DLBCL included various subtypes and molecular variants that showed heterocygotes properties and clinical behaviors. The main sub-type of DLBCL included activated B-cell-like (ABC) DLBCL, germ center B-cell-like DLBCL, primary mediastinal's large B-cell lymphoma (PMBCL) and other type-specific types. Together with the progress of DLBLC, several functional disorders in the immune system were observed, such as impaired immune monitoring, chronic inflammation and cell interactions in the tumor micro environment.

DLBCL typically set up with enlarged lymph nodes, often on the neck, in the armpit, in the groin regions, in the stomach intestine tract, in the central nervous system or in other organs. In patients, symptoms such as fatigue, night sweat, unexplained weight loss, fever and generalized symptoms of a lymphoma can occur. Risk factors of DLBCL, such as age (older people), immune deficiency (such as HIV/AIDS or post-transplanted immunosuppression), autoimmune diseases, Epstein-Barr virus and history of other lymphomas were reported.

The standard treatment for DLBCL was R-Chop, in which a combination of chemotherapy and immunotherapy included, included rituximab (an anti-CD20 antibody), cyclophosphamide, doxorubicin, vincristin and prednison. This approach showed high response rates and improved survival results. In addition to CD20, CD30-star-antibody drug conjugate, which Brentuximab Vedotin called Brentuximab-Vedotin showed, also showed promising results in patients with recurrent or refractory DLBCL. Other targeted therapies such as Lenalidomide and Ibrutinib have been examined in clinical studies. The therapy of the chimeric antigen receptor (car) t cell therapy, which modified the patient's T cells to express a car that recognizes and aims CD19, pointed complete remissions in recurrent or not other treatment patients.

NKT cell, expresses the properties of both T cells and natural killer cells, conveyed the tumor immune monitoring. Li et al. First carried out in-vitro studies to examine the NKT cell reactions on human B cell lymphomines⁹. In the case of treated mice, IFN-γ in type produce and played an immunegulative role in the NK and CD8+ T cell populations by inducing cytokin production.

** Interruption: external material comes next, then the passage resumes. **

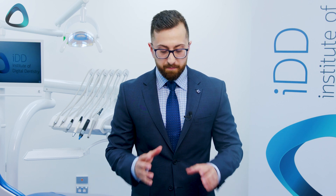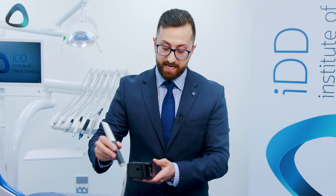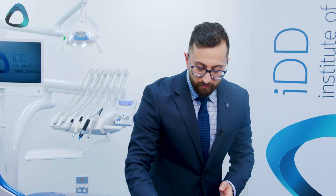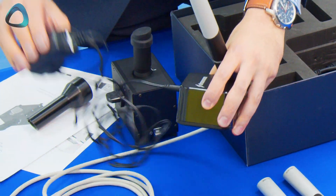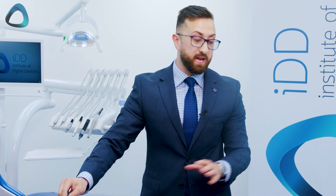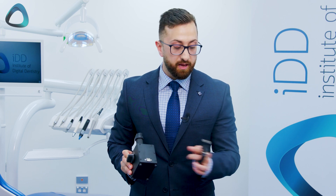Apart from that, you have a bunch of cabling and the data hub — this is the Straumann data hub. It is not a scanner that can be used directly with the PC; it must be used with this data hub, which also doubles as the stand. This is how the scanner is expected to sit on the desk. We have a standard power cable that attaches to the back of the data hub, a USB cable that goes from the data hub to the included laptop, and finally an additional USB cable used for the sharp adjust tool that connects to your laptop.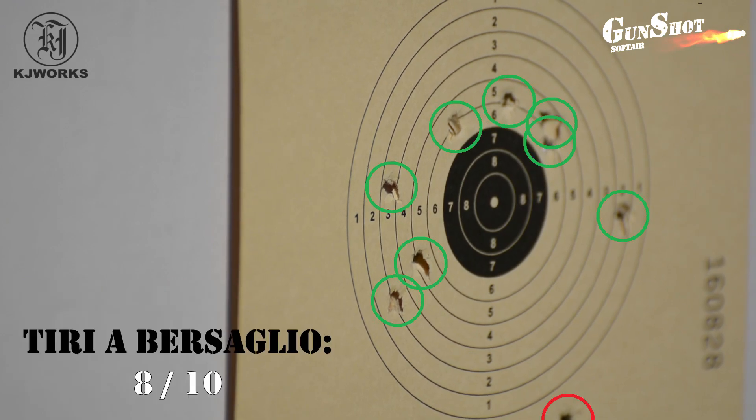Dopo questa prova di tiro, per il mio modesto parere, questa Glock 17 al momento come qualità e prezzo è quella che mi è piaciuta di più, sia per le finiture dei materiali, anche se essenziali, ma soprattutto, se notate bene, durante la prova di tiro ho sparato più velocemente del solito senza quasi mai fermarmi, riuscendo a prendere per 8 volte l'interno del bersaglio. Se siete possessori di questa replica o lo state per diventare, scrivete nei commenti le vostre opinioni e impressioni. Come sempre, a vostra disposizione. Ciao ragazzi, alla prossima!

The complex network known as a tumor micro environment (TME) consists of various cellular and non -cellular components that form a physical barrier that surrounds tumor cells¹⁰. Recent studies have increasingly emphasized the active roles of TME components when initiating and maintaining carcinogenesis and questioning the idea that they are mere viewers¹¹. The TME plays a decisive role in several biological processes, including pathogenesis, progression, metastasis and drug resistance by facilitating persistent proliferation and immune instructions¹². In view of the limited effectiveness of standard therapies in certain patients, researchers have examined TME-based treatments as novel strategies to create an immunogenic environment and to improve drug levy, which ultimately improves the response rates of patients. Evesting evidence suggests that the composition of the TME is central to understanding the pathogenesis of the lymphoma and at the same time offers new ways for targeted therapies and prediction of tumor forecasts.

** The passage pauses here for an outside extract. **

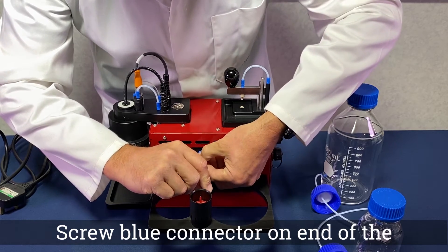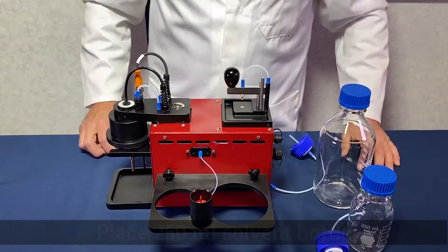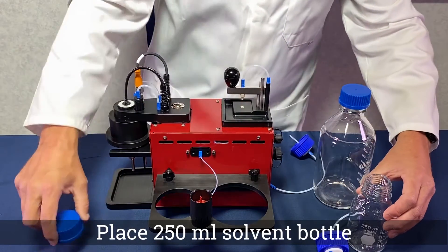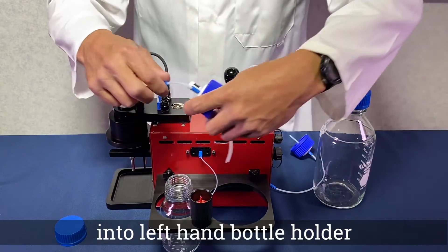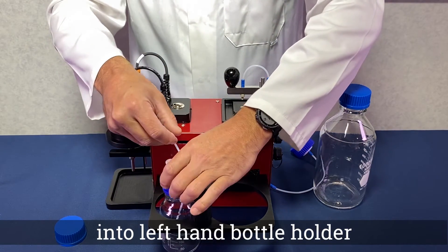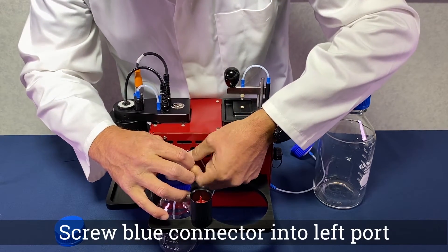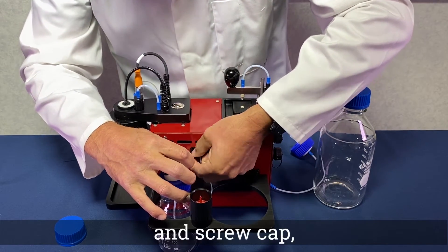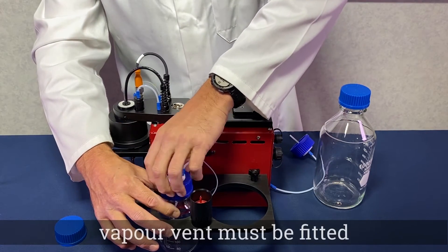Screw the blue connector on the end of the dyed water tube into the middle port. When looking from the back, place the 250 millilitre solvent bottle into the left hand holder. Screw the blue connector from the solvent bottle tube into the left hand port. Ensure the cap is tight and the vapour vent is fitted.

The tumor micro environment (TME) can be divided into two different components: the immune micro environment, which mainly consists of immune cells¹³. Within the immune micro environment, various cells such as T- and B lymphocytes, tumor-associated macrophages (tams), myeloid suppressor cells (MDSCs), tumor-associated neutrophils (TANS), natural killers (NK), dendritic cells (DCS) and Others contribute to the creation of an immunosuppressant Micro environment and help to expand the immune responses.¹⁴. These TME cells have different biomarkers and fulfill different roles in the formation of tumor and prognosis of the B cell lymphoma.

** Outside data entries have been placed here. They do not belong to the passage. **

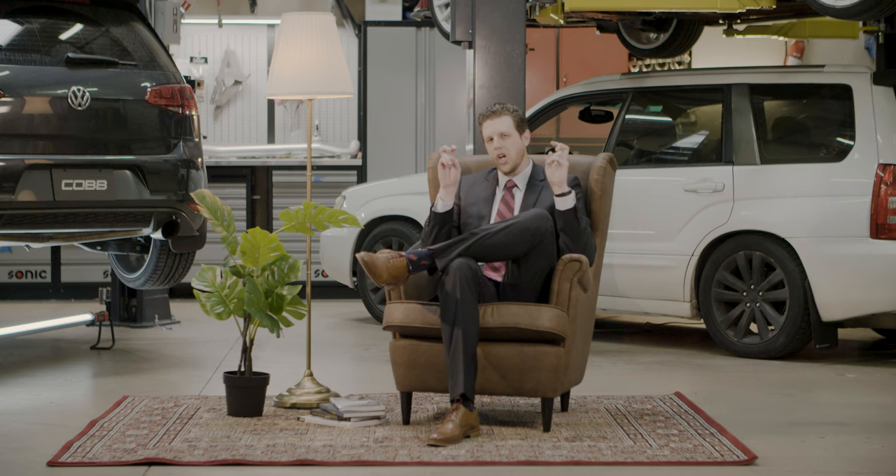The difference between a fledgling car guy and a true connoisseur of automotive enthusiasm is a simple matter of etiquette. Let the lesson begin.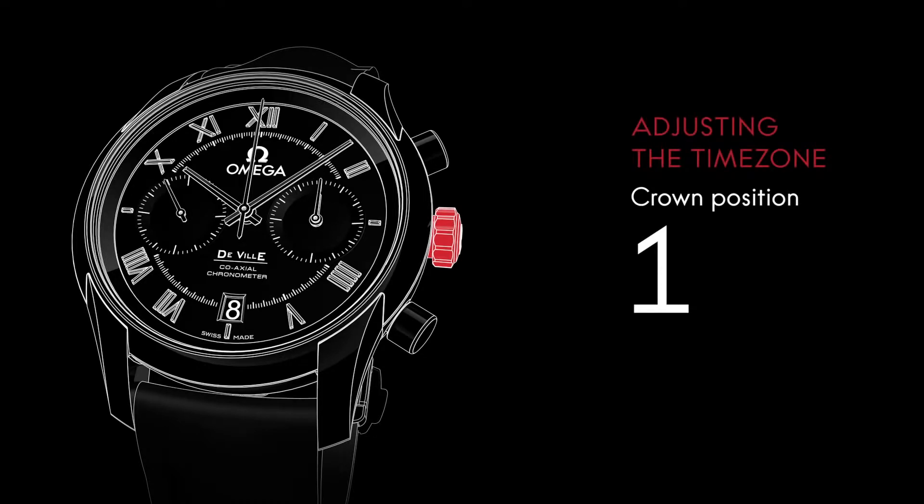You can adjust the time zone easily to accommodate time changes when you travel. Pull the crown to position two and turn it forward or backward to move the hour hand. This won't affect the position of the running minute and seconds hands.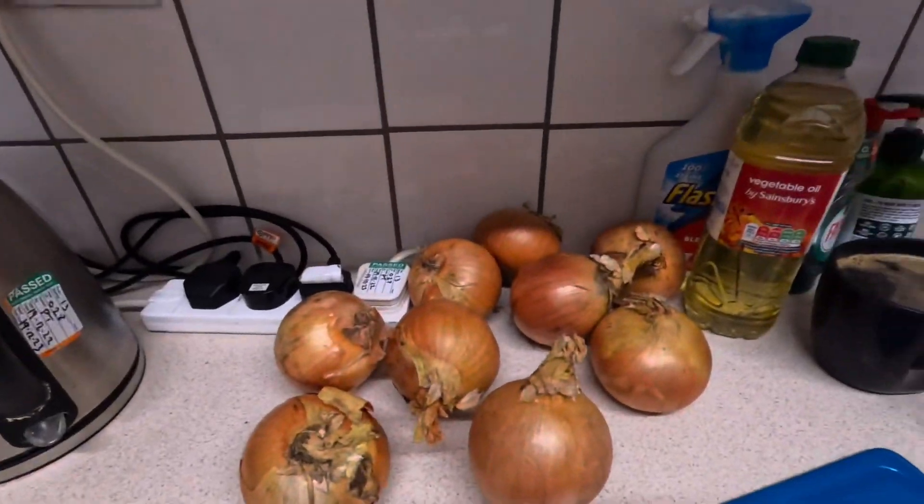I've been sent to the basement because I've been a bad lad. Anyway, the idea is the meal is for 35 people — there's some onions.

More and more evidence that indicates NKT cells played a crucial role of the immune system in the development and result of diffuse large B cell lymphoma (DLBCL) as well as other B cell lymphomas and solid cancer. The properties of the tumor micro environment (TME) vary between different lymphoma types¹⁵. In DLBCL, disturbed communication between lymphoma cells and the micro environment to avoid lymphoma cells, the monitoring of the immune system. Immune escape mechanisms in DLBCL include: (1) Change of immune recognition by reducing or loss of identification molecules, (2) Suppression of the antitum peat function of the immune system and (3) a micro environment that supports the growth of lymphoma cells. The change in immune recognition plays an important role in the development and progression of DLBCL from DLBCL and leads to an active examination of its molecular foundations.